Exercise requirements -
In the records that follow, find the line containing "运动的盛宴：运动会赛事中心精彩回顾与展望" and the line containing "The GI generation", then transcribe both and every line between them exactly, omitting pictures.
Material supplied section start
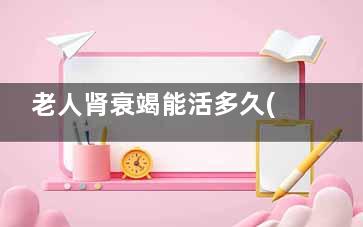 老人肾衰竭能活多久(老人得肾衰竭)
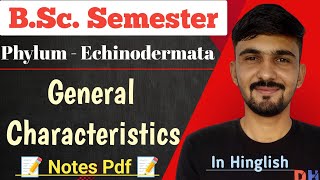 Echinodermata General Characteristics  Phylum  Echinodermata  Bsc Semester  By Dadhich Sir [upl. by Cook237]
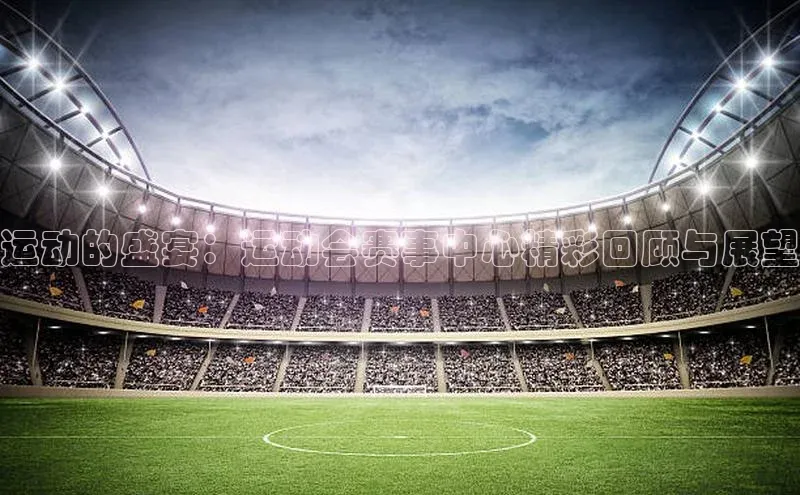 运动的盛宴：运动会赛事中心精彩回顾与展望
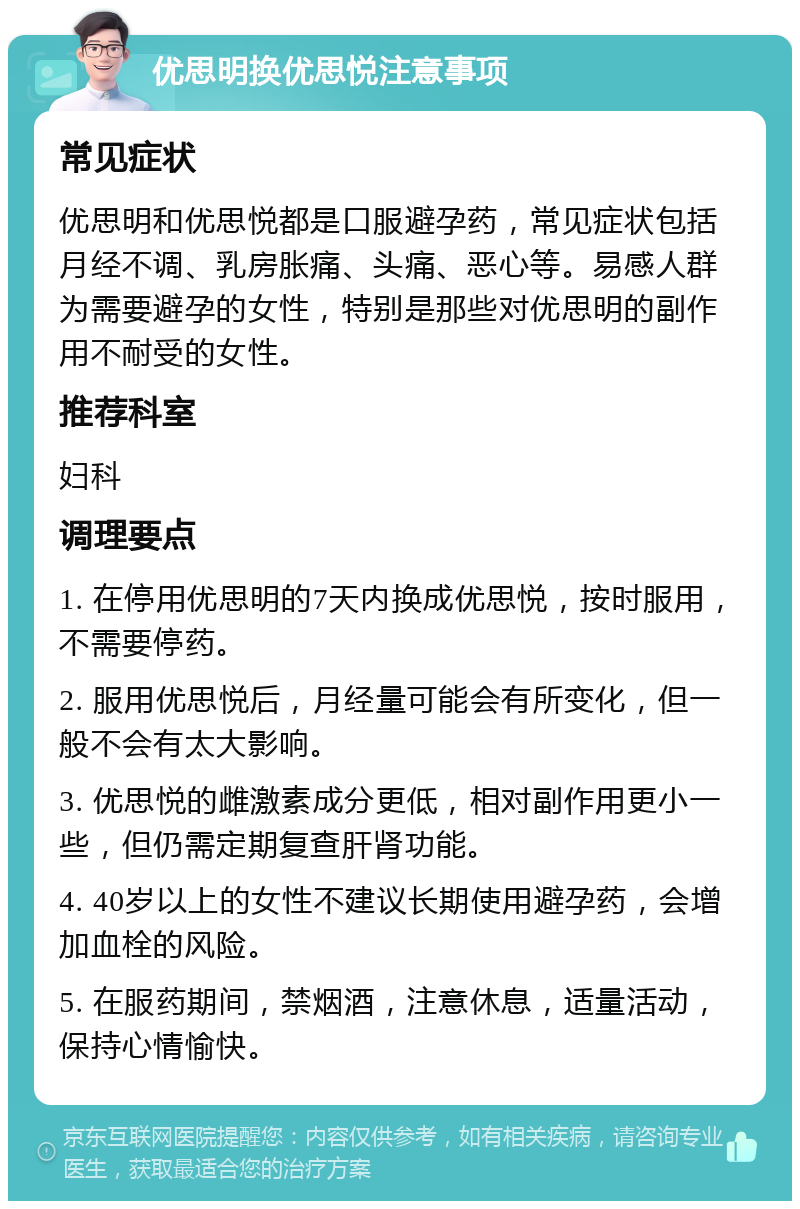 优思明换优思悦注意事项 常见症状 优思明和优思悦都是口服避孕药，常见症状包括月经不调、乳房胀痛、头痛、恶心等。易感人群为需要避孕的女性，特别是那些对优思明的副作用不耐受的女性。 推荐科室 妇科 调理要点 1. 在停用优思明的7天内换成优思悦，按时服用，不需要停药。 2. 服用优思悦后，月经量可能会有所变化，但一般不会有太大影响。 3. 优思悦的雌激素成分更低，相对副作用更小一些，但仍需定期复查肝肾功能。 4. 40岁以上的女性不建议长期使用避孕药，会增加血栓的风险。 5. 在服药期间，禁烟酒，注意休息，适量活动，保持心情愉快。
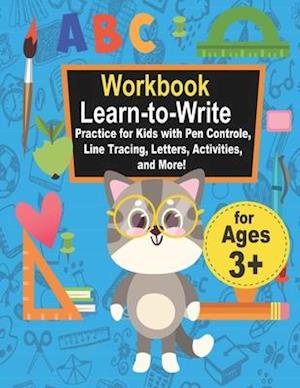 Workbook Learn-to-Write Practice for Kids with Pen Controle, Line Tracing, Letters, Activities, and More!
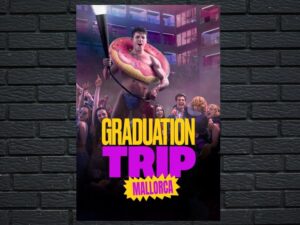 -Graduation Trip: Mallorca (2025)-<br>The Original Movie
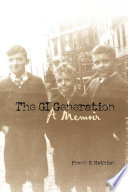 The GI generation : a memoir / Frank F. Mathias.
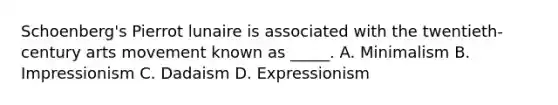 Schoenberg's Pierrot lunaire is associated with the twentieth-century arts movement known as _____. A. Minimalism B. Impressionism C. Dadaism D. Expressionism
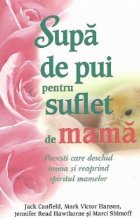 Supa pui pentru suflet mama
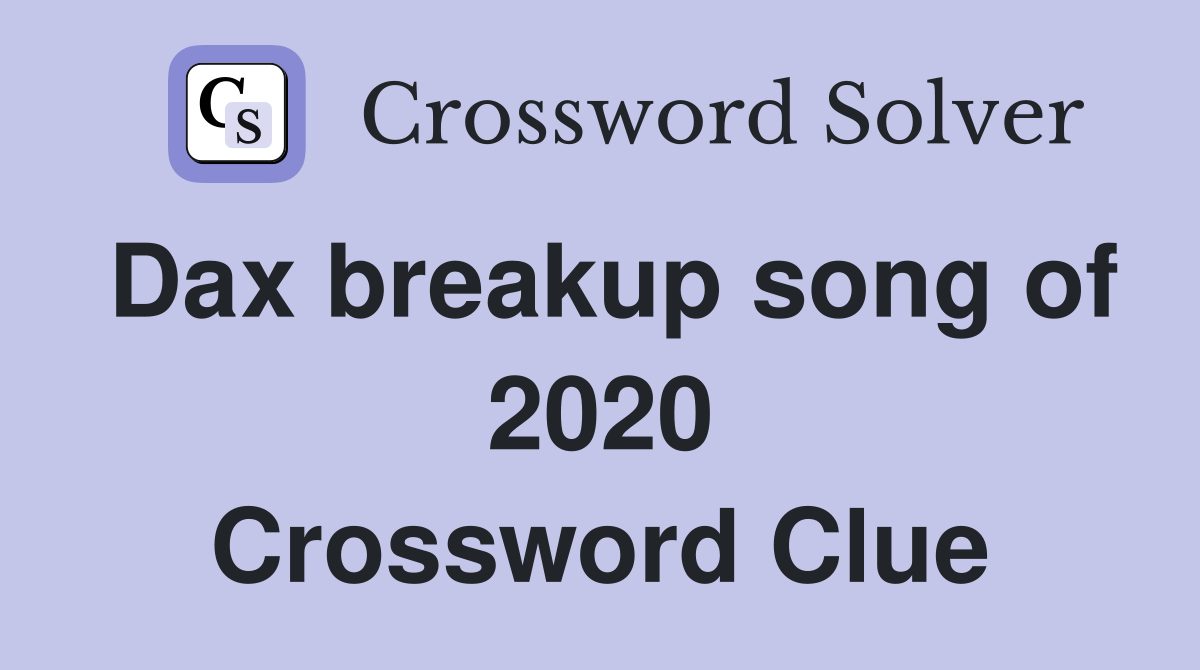Dax breakup song of 2020 Crossword Clue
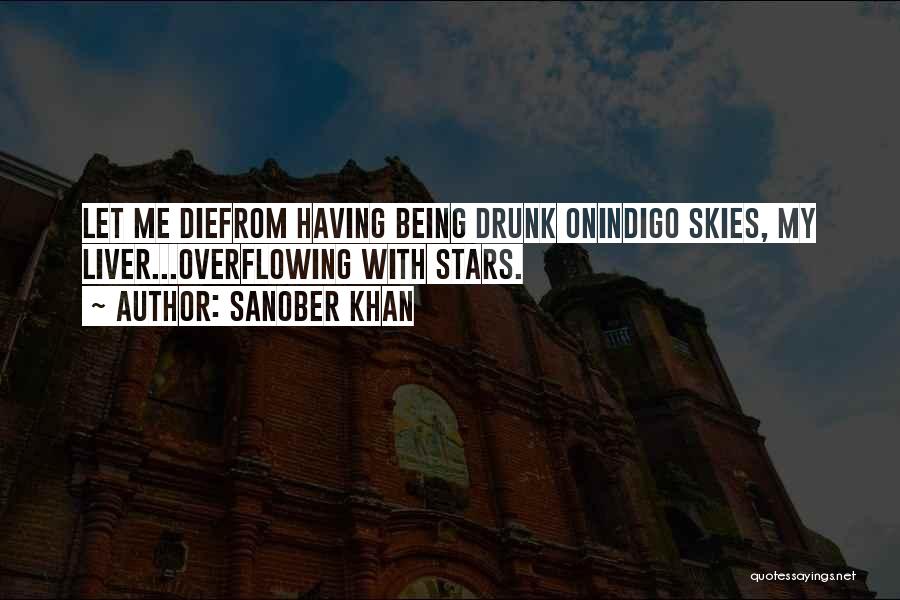 Sanober Khan Quotes: Let Me Diefrom Having Being Drunk Onindigo Skies, My Liver...overflowing With Stars.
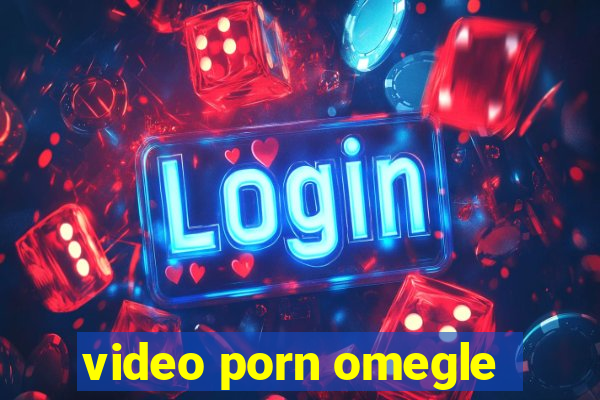 video porn omegle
Material supplied section end
Response area -
 运动的盛宴：运动会赛事中心精彩回顾与展望
 优思明换优思悦注意事项 常见症状 优思明和优思悦都是口服避孕药，常见症状包括月经不调、乳房胀痛、头痛、恶心等。易感人群为需要避孕的女性，特别是那些对优思明的副作用不耐受的女性。 推荐科室 妇科 调理要点 1. 在停用优思明的7天内换成优思悦，按时服用，不需要停药。 2. 服用优思悦后，月经量可能会有所变化，但一般不会有太大影响。 3. 优思悦的雌激素成分更低，相对副作用更小一些，但仍需定期复查肝肾功能。 4. 40岁以上的女性不建议长期使用避孕药，会增加血栓的风险。 5. 在服药期间，禁烟酒，注意休息，适量活动，保持心情愉快。
 Workbook Learn-to-Write Practice for Kids with Pen Controle, Line Tracing, Letters, Activities, and More!
 -Graduation Trip: Mallorca (2025)-<br>The Original Movie
 The GI generation : a memoir / Frank F. Mathias.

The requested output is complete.